In summary Li et al reveal a novel SLiM recognised by IKK homo/heterodimers via a dimerisation dependent mechanism that is negatively regulated by SLiM phosphorylation. The authors also showed that synthetic peptides containing the C308L mutation block IκBα phosphorylation and degradation in cellulo, potentially highlighting a novel route to IKK inhibition in pathologies arising from NF-κB dysregulation. Instruct funded access to facilities at Instruct FR1 for insect cell expression and crystallisation trials provided the means for several of these experiments, whilst accessing the advanced ITC platform at IBMC Strasbourg enabled the authors to conduct important ITC experiments.

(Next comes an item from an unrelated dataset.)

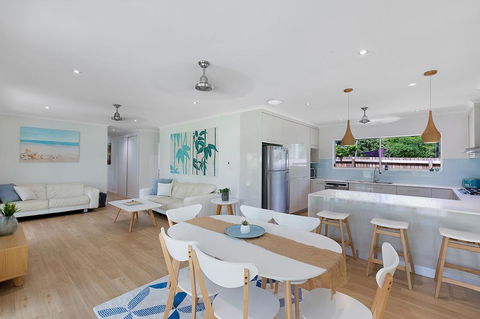 Whitsunday Palms - Accommodation Main Beach 0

Principal investigator Katia Zanier said ‘It is always an enriching experience to interact with my colleagues at the INSTRUCT platforms in Strasbourg. Studying protein-protein interactions in signalling can be challenging due to the transient affinities and this is why we often need to combine several approaches. Hence, the access to the INSTRUCT infrastructure and to the know how of the platform scientists and engineers is vital for the success of this type of projects’.